**WORK TO COMPLETE**
From the data underneath, reproduce exactly the stretch that begins at the line with "RBI-205 Red-headed Woodpecker" and ends after the line with "Meryl Streep Cast".

**MATERIALS PROVIDED**
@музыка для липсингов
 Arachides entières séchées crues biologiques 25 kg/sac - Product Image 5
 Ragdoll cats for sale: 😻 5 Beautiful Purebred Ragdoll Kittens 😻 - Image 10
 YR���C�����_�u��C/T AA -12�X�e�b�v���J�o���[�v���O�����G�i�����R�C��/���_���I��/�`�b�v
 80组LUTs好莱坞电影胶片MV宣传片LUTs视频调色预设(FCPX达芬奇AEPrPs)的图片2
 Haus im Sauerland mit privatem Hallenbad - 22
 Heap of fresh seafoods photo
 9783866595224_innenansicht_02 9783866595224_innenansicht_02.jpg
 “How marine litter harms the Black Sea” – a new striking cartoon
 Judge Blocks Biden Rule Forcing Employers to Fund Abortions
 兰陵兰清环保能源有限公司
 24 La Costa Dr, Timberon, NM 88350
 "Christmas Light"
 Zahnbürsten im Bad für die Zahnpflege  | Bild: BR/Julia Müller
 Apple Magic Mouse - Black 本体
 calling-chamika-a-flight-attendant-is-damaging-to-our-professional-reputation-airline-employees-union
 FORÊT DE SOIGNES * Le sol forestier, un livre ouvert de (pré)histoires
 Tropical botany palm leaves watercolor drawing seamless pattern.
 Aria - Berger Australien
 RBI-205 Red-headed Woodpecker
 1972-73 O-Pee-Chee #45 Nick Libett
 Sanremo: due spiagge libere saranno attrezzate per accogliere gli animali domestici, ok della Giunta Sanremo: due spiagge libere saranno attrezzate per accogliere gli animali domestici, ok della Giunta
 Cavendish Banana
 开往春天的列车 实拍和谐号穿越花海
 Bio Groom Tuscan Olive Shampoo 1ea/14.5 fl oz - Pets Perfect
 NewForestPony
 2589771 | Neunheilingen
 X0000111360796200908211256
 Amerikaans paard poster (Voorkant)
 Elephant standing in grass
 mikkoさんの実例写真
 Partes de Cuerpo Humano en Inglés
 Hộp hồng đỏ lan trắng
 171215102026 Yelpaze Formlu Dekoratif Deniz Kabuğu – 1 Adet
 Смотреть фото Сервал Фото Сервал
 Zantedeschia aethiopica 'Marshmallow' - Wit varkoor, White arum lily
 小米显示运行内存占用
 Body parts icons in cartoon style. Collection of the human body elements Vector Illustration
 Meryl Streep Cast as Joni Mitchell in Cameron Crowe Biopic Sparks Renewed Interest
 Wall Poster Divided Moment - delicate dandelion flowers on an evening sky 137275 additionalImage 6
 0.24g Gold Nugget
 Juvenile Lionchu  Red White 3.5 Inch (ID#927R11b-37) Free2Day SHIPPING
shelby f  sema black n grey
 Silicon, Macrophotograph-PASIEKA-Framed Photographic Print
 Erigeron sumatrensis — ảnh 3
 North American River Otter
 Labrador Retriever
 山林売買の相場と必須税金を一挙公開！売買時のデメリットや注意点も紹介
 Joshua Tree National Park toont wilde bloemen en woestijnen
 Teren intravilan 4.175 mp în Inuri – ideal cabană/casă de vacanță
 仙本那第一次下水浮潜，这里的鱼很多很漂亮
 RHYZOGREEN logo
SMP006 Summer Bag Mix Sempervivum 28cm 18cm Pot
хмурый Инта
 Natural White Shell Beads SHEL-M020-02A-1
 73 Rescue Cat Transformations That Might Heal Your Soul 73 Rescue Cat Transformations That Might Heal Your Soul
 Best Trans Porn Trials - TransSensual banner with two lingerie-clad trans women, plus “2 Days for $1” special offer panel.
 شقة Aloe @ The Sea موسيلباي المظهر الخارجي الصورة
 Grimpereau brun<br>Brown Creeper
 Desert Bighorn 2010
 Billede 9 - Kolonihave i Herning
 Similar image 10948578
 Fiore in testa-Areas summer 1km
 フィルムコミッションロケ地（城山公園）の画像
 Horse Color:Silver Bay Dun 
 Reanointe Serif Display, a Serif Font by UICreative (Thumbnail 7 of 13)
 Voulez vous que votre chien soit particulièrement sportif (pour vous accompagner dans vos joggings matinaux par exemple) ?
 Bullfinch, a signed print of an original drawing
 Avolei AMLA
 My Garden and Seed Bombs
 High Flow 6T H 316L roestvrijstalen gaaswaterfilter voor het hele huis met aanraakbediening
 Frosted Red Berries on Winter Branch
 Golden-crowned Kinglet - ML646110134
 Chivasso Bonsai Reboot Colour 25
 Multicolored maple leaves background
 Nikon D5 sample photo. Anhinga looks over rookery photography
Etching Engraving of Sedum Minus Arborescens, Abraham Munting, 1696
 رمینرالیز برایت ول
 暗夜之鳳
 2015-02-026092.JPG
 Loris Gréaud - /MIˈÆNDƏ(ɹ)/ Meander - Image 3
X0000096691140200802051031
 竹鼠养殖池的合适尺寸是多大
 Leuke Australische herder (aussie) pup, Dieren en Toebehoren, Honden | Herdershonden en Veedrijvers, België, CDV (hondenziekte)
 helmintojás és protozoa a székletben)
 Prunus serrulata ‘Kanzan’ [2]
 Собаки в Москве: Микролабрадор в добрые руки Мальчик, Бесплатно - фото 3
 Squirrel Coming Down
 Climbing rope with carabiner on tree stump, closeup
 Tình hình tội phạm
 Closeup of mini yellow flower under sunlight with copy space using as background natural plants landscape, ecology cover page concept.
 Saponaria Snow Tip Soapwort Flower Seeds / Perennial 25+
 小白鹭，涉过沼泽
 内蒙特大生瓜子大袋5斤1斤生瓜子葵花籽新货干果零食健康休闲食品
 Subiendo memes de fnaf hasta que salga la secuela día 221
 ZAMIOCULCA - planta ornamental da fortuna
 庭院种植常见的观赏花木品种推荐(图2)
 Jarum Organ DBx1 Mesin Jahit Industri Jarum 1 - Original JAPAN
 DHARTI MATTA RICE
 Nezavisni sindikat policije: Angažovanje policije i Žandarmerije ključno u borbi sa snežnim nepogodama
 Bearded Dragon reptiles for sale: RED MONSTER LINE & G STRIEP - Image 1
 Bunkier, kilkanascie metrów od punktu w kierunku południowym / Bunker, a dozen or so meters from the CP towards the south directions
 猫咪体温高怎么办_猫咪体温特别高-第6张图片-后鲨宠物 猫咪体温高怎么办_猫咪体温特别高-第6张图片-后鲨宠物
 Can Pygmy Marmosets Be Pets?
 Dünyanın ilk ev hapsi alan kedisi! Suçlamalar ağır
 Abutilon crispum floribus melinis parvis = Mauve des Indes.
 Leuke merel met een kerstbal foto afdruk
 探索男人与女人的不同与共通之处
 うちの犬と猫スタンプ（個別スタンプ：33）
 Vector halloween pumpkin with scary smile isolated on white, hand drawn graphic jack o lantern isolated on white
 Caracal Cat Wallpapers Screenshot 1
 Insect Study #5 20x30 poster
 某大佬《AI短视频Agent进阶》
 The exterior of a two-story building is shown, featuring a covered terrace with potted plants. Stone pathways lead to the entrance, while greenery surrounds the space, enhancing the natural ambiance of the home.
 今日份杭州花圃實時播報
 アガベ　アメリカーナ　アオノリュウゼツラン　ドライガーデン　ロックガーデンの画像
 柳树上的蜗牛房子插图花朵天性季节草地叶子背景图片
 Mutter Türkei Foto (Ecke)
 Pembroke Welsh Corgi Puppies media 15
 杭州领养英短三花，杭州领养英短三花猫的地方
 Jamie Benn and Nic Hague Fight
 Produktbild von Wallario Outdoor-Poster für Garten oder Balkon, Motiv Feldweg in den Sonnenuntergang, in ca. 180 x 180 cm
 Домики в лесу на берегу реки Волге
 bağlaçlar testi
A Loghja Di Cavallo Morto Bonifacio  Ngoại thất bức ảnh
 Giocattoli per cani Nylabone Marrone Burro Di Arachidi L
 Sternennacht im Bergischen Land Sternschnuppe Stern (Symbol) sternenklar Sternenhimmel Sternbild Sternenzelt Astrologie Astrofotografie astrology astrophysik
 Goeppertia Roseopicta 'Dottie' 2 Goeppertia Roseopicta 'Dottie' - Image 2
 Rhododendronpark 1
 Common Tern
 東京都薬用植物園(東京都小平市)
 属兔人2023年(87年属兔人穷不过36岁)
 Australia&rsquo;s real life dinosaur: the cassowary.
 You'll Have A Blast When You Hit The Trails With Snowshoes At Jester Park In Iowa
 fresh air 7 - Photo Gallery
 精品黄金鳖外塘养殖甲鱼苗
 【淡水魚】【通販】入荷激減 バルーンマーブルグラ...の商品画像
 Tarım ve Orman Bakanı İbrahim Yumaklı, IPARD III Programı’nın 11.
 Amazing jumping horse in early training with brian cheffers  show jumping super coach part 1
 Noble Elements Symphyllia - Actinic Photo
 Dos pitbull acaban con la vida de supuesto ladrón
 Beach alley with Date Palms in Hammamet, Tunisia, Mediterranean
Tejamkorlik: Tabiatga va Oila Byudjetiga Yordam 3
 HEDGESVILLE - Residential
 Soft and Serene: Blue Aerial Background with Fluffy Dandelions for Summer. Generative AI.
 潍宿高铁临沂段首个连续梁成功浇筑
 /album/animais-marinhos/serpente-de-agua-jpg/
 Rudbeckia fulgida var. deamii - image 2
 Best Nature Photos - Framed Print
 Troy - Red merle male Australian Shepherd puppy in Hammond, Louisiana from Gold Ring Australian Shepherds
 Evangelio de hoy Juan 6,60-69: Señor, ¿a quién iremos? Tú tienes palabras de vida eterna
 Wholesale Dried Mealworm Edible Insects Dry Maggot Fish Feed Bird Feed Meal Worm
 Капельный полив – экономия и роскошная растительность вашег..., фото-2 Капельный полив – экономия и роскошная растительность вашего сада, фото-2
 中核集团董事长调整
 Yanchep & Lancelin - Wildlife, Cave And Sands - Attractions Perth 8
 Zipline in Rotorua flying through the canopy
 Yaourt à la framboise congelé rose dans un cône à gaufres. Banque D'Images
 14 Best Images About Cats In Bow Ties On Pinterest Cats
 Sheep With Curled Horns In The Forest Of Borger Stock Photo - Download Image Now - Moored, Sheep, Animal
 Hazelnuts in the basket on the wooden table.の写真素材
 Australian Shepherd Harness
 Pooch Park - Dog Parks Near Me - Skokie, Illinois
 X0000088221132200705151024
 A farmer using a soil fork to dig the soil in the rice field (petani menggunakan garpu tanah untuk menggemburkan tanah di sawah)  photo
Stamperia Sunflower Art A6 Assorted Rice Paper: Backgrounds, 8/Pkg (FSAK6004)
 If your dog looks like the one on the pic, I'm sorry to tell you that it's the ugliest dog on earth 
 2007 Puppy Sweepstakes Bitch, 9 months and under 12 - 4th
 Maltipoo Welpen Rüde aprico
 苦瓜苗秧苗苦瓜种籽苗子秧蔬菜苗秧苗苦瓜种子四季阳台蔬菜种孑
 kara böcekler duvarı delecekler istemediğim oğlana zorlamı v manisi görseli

**TASK OUTPUT**
 RBI-205 Red-headed Woodpecker
 1972-73 O-Pee-Chee #45 Nick Libett
 Sanremo: due spiagge libere saranno attrezzate per accogliere gli animali domestici, ok della Giunta Sanremo: due spiagge libere saranno attrezzate per accogliere gli animali domestici, ok della Giunta
 Cavendish Banana
 开往春天的列车 实拍和谐号穿越花海
 Bio Groom Tuscan Olive Shampoo 1ea/14.5 fl oz - Pets Perfect
 NewForestPony
 2589771 | Neunheilingen
 X0000111360796200908211256
 Amerikaans paard poster (Voorkant)
 Elephant standing in grass
 mikkoさんの実例写真
 Partes de Cuerpo Humano en Inglés
 Hộp hồng đỏ lan trắng
 171215102026 Yelpaze Formlu Dekoratif Deniz Kabuğu – 1 Adet
 Смотреть фото Сервал Фото Сервал
 Zantedeschia aethiopica 'Marshmallow' - Wit varkoor, White arum lily
 小米显示运行内存占用
 Body parts icons in cartoon style. Collection of the human body elements Vector Illustration
 Meryl Streep Cast as Joni Mitchell in Cameron Crowe Biopic Sparks Renewed Interest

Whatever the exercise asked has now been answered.